You could say we are a society hell-bent on convenience. It seems pretty much everything we build for personal use – our appliances, our cars, our living spaces and more – is built with an eye toward making them as easy as possible to use.
Healthcare has proved to be an elusive target in the race to convenience. Yet many believe that Apple with its new ecosystem around health will change that. The iWatch, HealthKit and ResearchKit are considered data integration opportunities that will change healthcare the way the iPod and iTunes changed the way we listen to music.
One of the first applications to demonstrate the possibilities was announced by athenahealth. The athenaText app for Apple Watch delivers secure text messages to providers directly from the athenaClinicals EHR platform. The goal is to improve coordination of care among different providers. Clinical data is delivered instantaneously. The clinician doesn’t even need to tap a screen; the information just appears on the wrist watch.
Apple ResearchKit is designed to help speed up the acquisition of clinical trial data and it is showing significant results in its first applications. Dr.
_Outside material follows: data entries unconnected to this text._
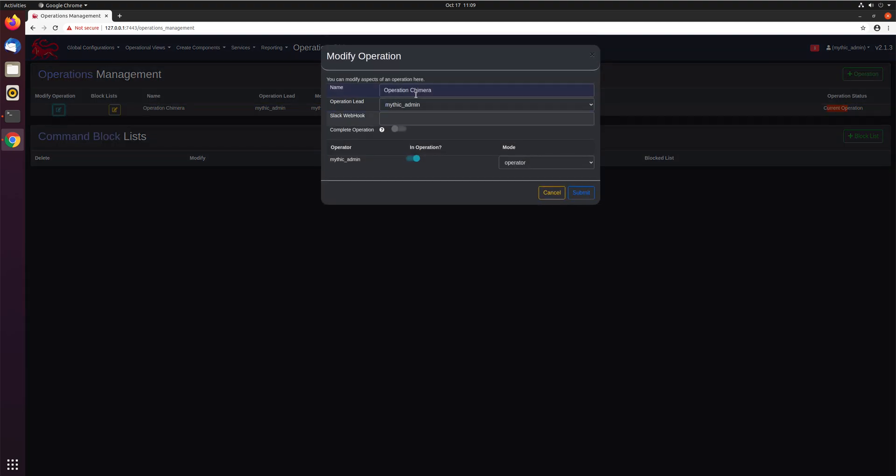If we modify it, we can change the name of the operation if we want. We can change who the operation lead is. We can add in a Slack webhook and get notifications into Slack anytime a new agent checks in. We can mark this operation as complete, and then you'll start getting warnings if there's still callbacks checking in from that operation. And we can also see here, we have the Mythic Admin is a user in the operation.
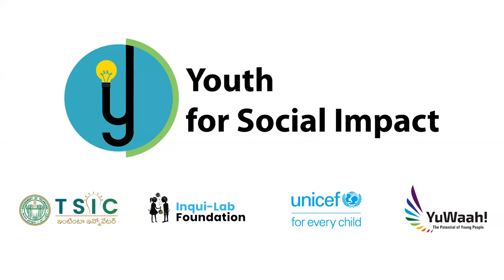Hello everyone, I am going to demonstrate the Youth for Social Impact 2022 program. I am going to submit a team's idea.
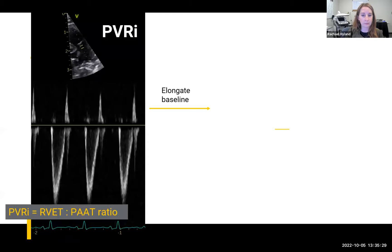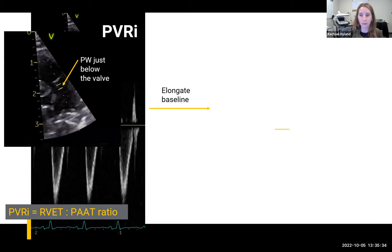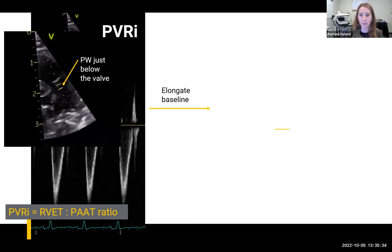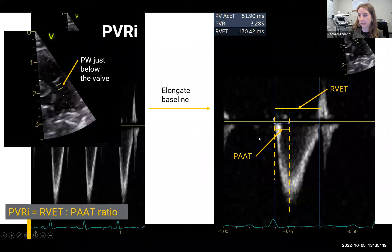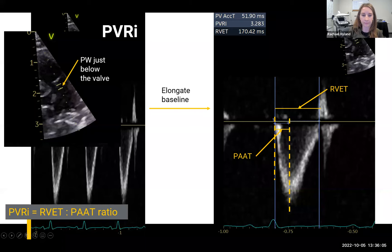For the PAT measurement, this is a good example of the pulse wave Doppler with the sample volume just below the valve. If you elongate out the baseline, you can better see where the very peak velocity is. Start at the beginning of ejection, measure across to get the total RV ejection time to the end, then go back to find where the very first start of that peak is — that's where you measure backwards to get your PAAT. We consider a PAAT-to-RVET ratio of less than four as normal.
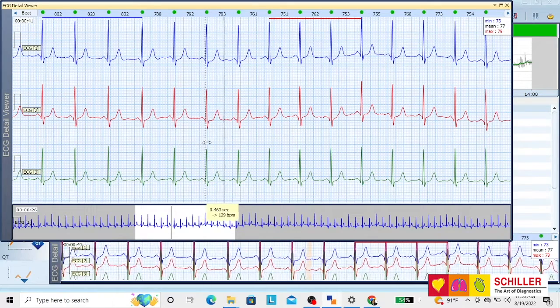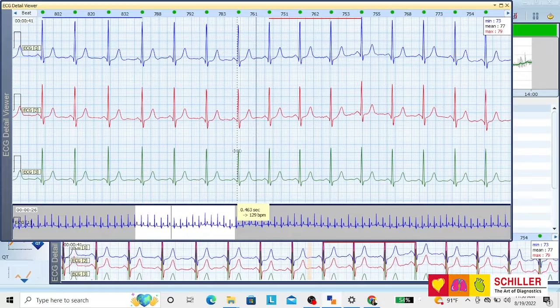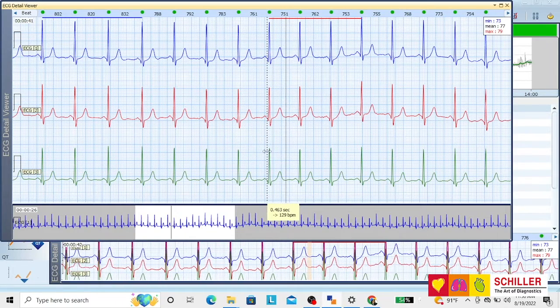You can compare by dragging the cursors from one beat to the other.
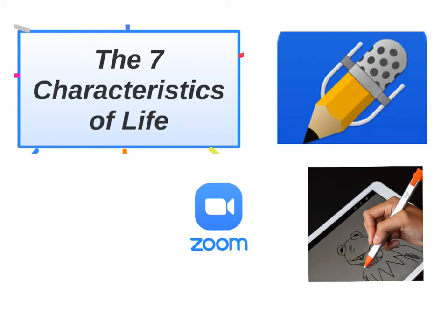Hello everyone. In today's lesson we're going to be covering a few different things. One of my goals is to recap the seven characteristics of life and go into them in more detail.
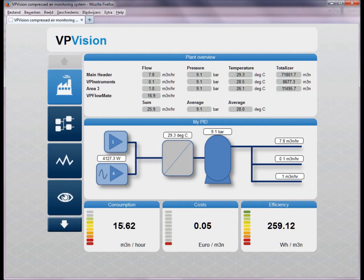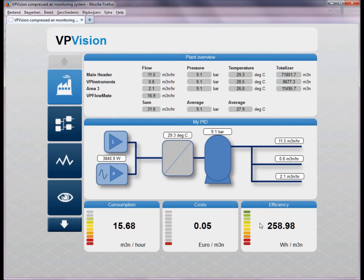You also see some critical performance indicators which show you the average consumption of the last hour, cost per cubic meter, and the efficiency of the whole system.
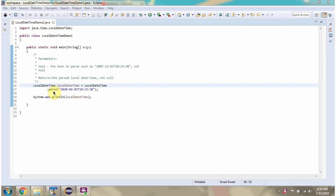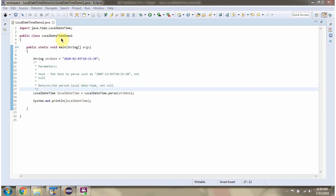This video tutorial will cover the parse method of LocalDateTime class. Here I have defined the class LocalDateTimeDemo1.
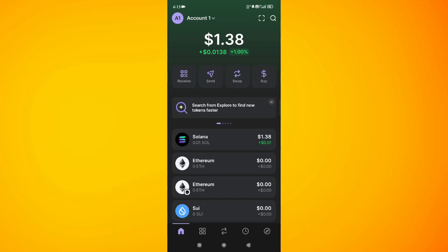Hi everyone, welcome or welcome back to the channel. In this video I'm going to show you how to transfer Solana from CoinSwitch to your Phantom wallet. For that, first of all you will have to launch your Phantom wallet.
Stanley Shaw, a Harvard Medical School assistant professor who was involved in developing ResearchKit, was quoted in FastCompany, “It really highlights the possibility of democratizing data around people’s health.”
In one early study, according to the article, “Within just four days of its release, MyHeart Counts, a cardiovascular-focused ResearchKit app designed by the Stanford University School of Medicine, was downloaded 52,900 times in the U.S. and Canada, with an unprecedented 22,000 people also consenting to participate in the study. Typically, that kind of participation might require a year's work and dozens of medical centers.”
Four other academic institutions—including Oxford University and Beijing's Tsinghua—have built apps using ResearchKit, which contains graphical templates for in-app electronic consent, surveys, and tasks.”
But whether we’re talking about “democratizing data” or, as Fast Company describes Apple’s goal, “a central clearinghouse for medical data, health apps, and customized workouts,” it seems wise to remind ourselves that health and healthcare are not quite in the same category as accessing digital music or making cashless payments, just two of the places where, with the iTunes Store and Apple Pay, the company has essentially revolutionized modern life.
There is a uniqueness to healthcare, both because of the seemingly infinite range of diseases we encounter and the fact that different people engage with their health and healthcare quite differently. Consequently, no matter how much technology is brought to bear – no matter how successfully tech developers create entire digital ecosystems – the transformation of healthcare will require more careful coordination than simply using fitness trackers on our wrists.